Chris Anderson on electric bass, vocals and ukulele. Say what? Ukulele? Yes! On the mellow song (mentioned above), both Will and JP took a break. Chris picked up a ukulele and played it so sweetly (not even the hint of the typical Hawaiian sound people associate with the uke). I realize it’s a stringed instrument, so I’m not shocked that Chris can play it. That said, it was more of his feel for the instrument that impressed me.

ChrisAndersonUkulele

I’ve also noted a number of times that Chris is starting to sing more. That continued very nicely with Abby. He sang harmony a lot, often with Will as well.

ChrisAndersonSinging

I would love to see Chris whip out the ukulele some night when he’s on stage with Ian Axel and have a little throwdown. Winking smile

Kenny Shaw on the drums. This was the fourth set we’ve seen Kenny play this week. Wait, it was the fourth set for Chris Anderson this week too (three of them had both in the same set). I used to think that I was the only stalking these guys, but now I think perhaps they are feeding me subliminal messages in my sleep to show up wherever they are.

KennyShaw

So, Kenny was great again, in particular on the other song I loved, the Country-like one. On that number, he used brushes, but was hitting them hard, for a just right sound/feel to match the song.

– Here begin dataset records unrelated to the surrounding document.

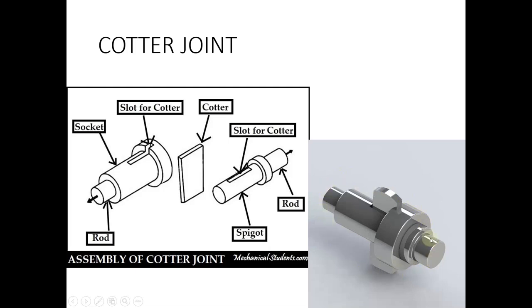So this joint has mainly three different parts. The first is called the socket, the second is known as the spigot, and the third component is the cotter — also called the cotter pin. It is a tapered pin, rectangular in shape. The socket is actually a rod or shaft where one end is built into a socket, and there is a slot cut inside this socket for inserting the cotter.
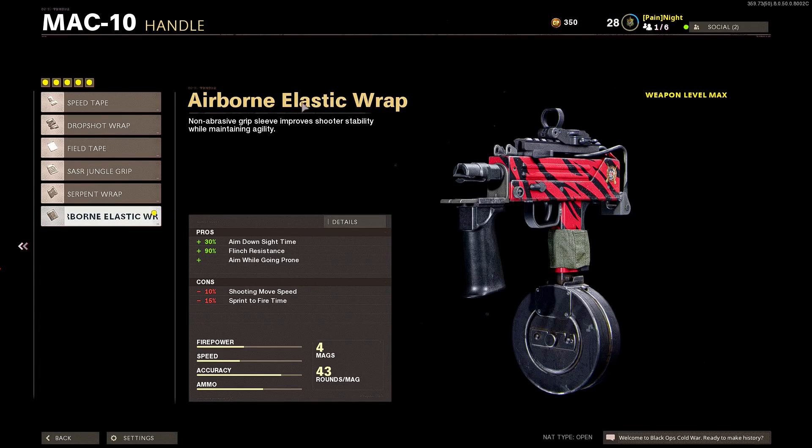For the handle I'm using the Airborne Elastic Wrap so I can get aim down sight speed, flinch resistance, and also going prone — but I don't use that perk nonetheless.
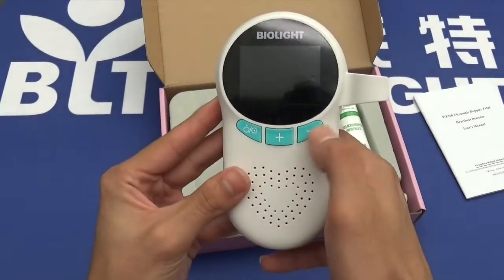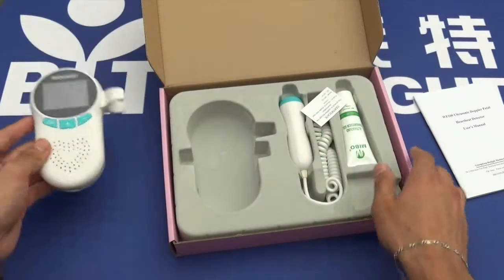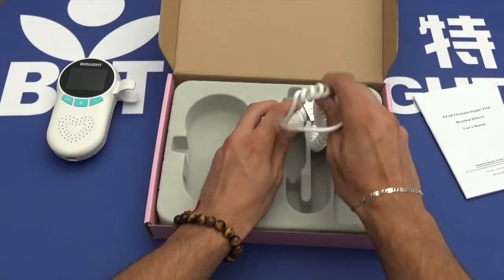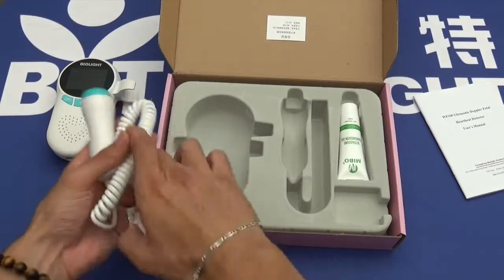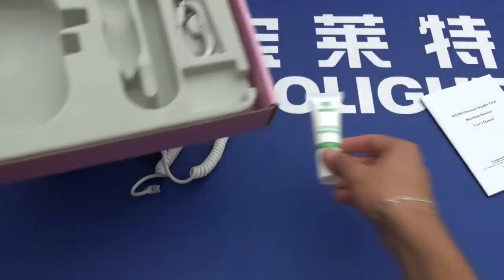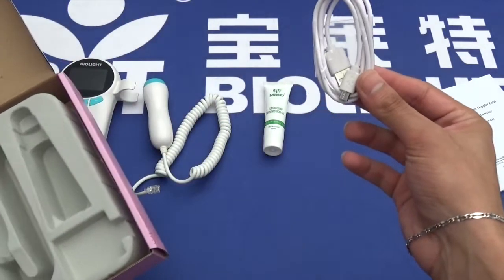There are three buttons on the front: these two are for the volume, and this button on the left is the on/off button. We have the ultrasonic Doppler, which actually detects the heartbeat. We also have the ultrasonic transmission gel, and finally a charging cable — it's USB to micro USB.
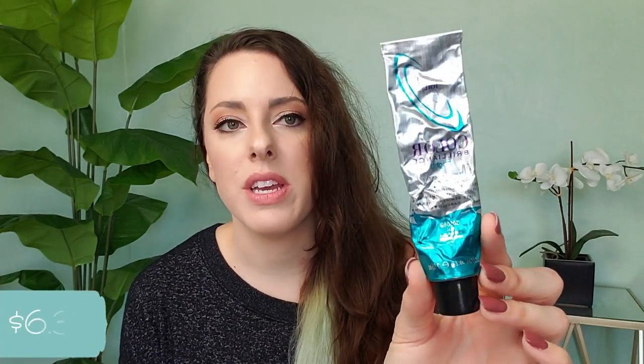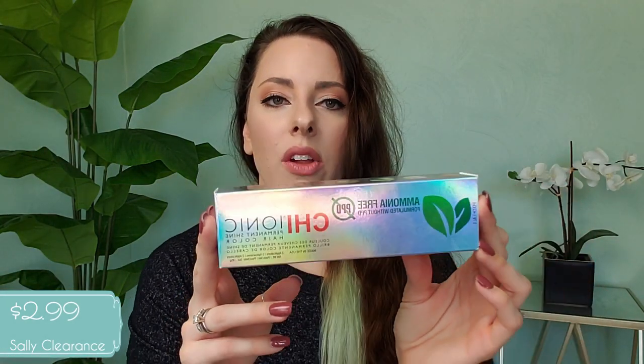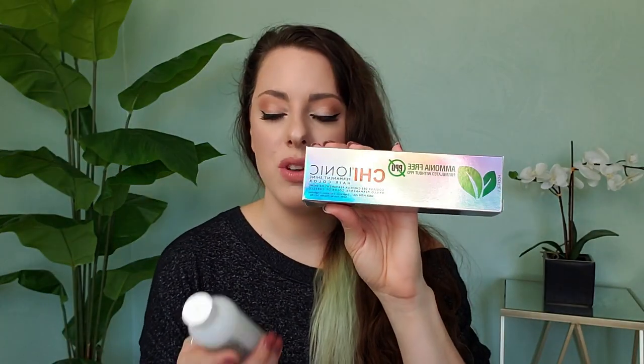For the color part, I love the Ion brand — Color Brilliance Brights. This is a semi-permanent cream hair color. I've used this teal a lot; it starts very bright and fades to a kind of seafoamy color. This time I wanted to try something different: a Chi brand Ionic permanent hair color, which is ammonia-free. I got this at Sally Beauty Supply too. This one needs to be mixed with a developer, whereas with the Ion Color Brilliance I just put it straight into the hair. With the Chi Ionic brand I picked up a 20-volume developer and I'll follow the directions.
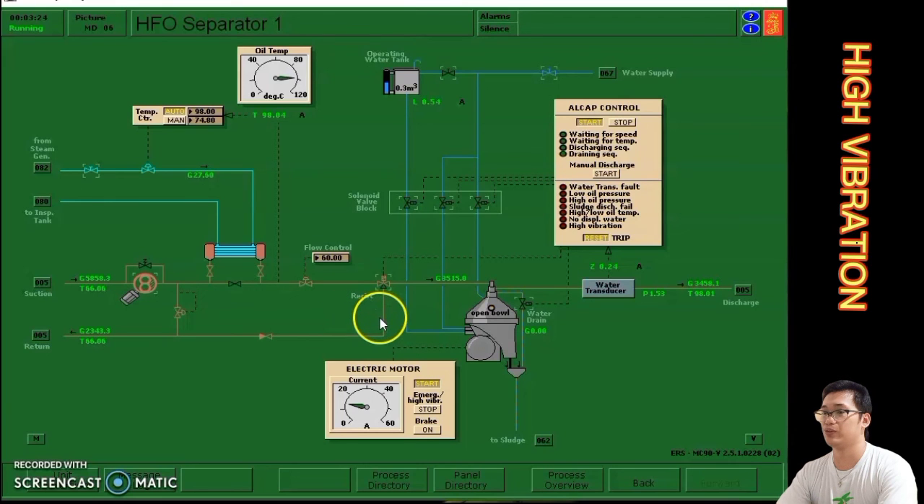This is the way to rectify the troubleshoot for high vibration in HFO separator number one purifier. Thank you for listening and I hope you can understand my explanation.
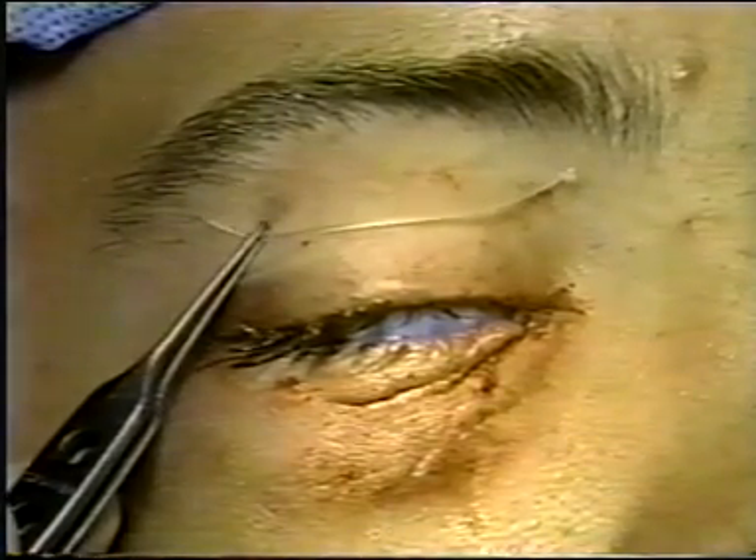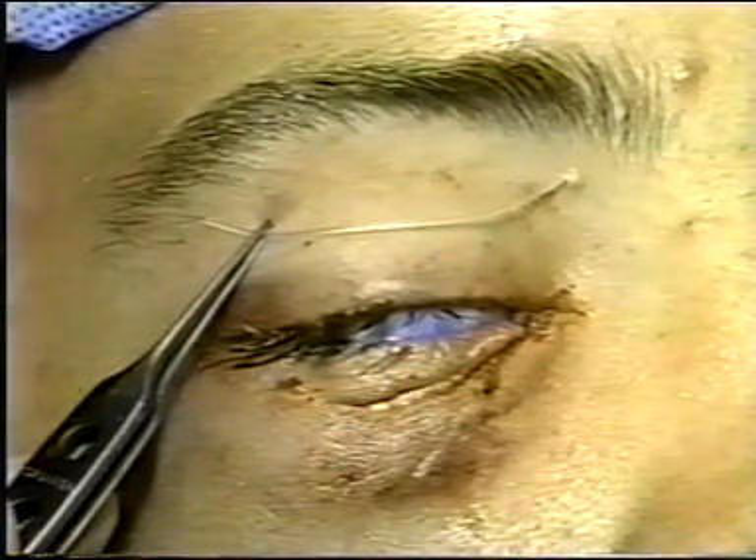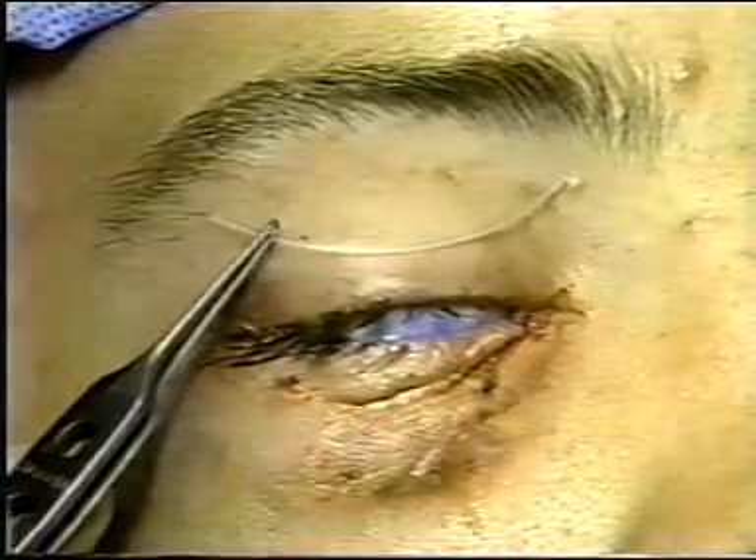Here we can see the silicone Mini Monoca as it comes out of the box. We feel that cutting the tip allows for easier insertion into the canaliculus during the surgery.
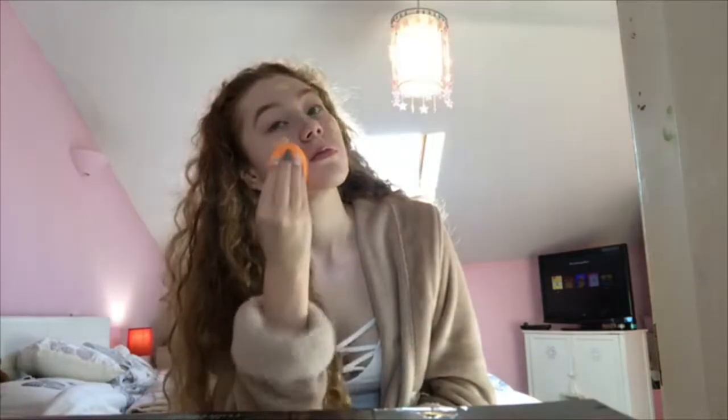I have to say it's a medium coverage because that spot is still coming through. I definitely say it's medium coverage, and I wouldn't say it's matte — I'd say it's quite dewy because look at the shine on my cheeks.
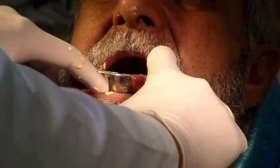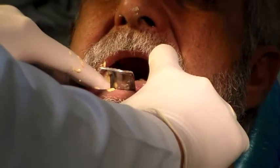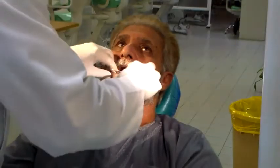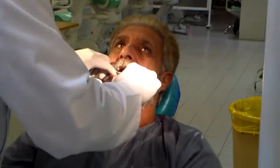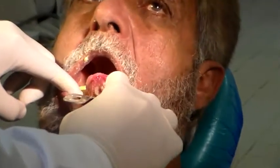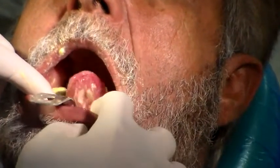Both sides. Turn out. We move the cheeks. Make sure the tongue is out.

I mention the brushes to contrast the rest of the set (on the louder numbers). Kenny needed to hit pretty hard to match the sound coming out of the guitar. He did. Unfortunately, we were sitting 12 inches from the drum set and our heads were getting blown off.

That leads me back to my earlier point about Abby’s vocals (in particular, the high notes). The entire set (with few exceptions) was simply too loud. This is Rockwood 1, an extremely small venue. It’s simply not suited to cranking every instrument. Obviously, I blame the sound guy, but still, the band should try and do something about it, or book a different room.

Abby had to push to be heard, and her high notes were cutting like a knife. Clear (meaning, she hits every note), but I bet it sounds unbelievably better on her CDs. In an ironic twist, here’s what I had to say about Abby from the Benefit Concert:

The only issue is that it took Abby a bit to crank up the volume on her voice, which was necessary because she (and all of them) were competing with tons of instruments and other vocalists.

My humble apologies to myself, if Abby read that last post and decided to crank up the volume every time to compensate. Winking smile

The part that frustrates me is that at other times, the same sound person at the same venue will get a similarly equipped band playing at a much more reasonable level. That’s why I have no idea who to really blame. You’ll see an example of this fact two posts from now (which will be my last one of the day).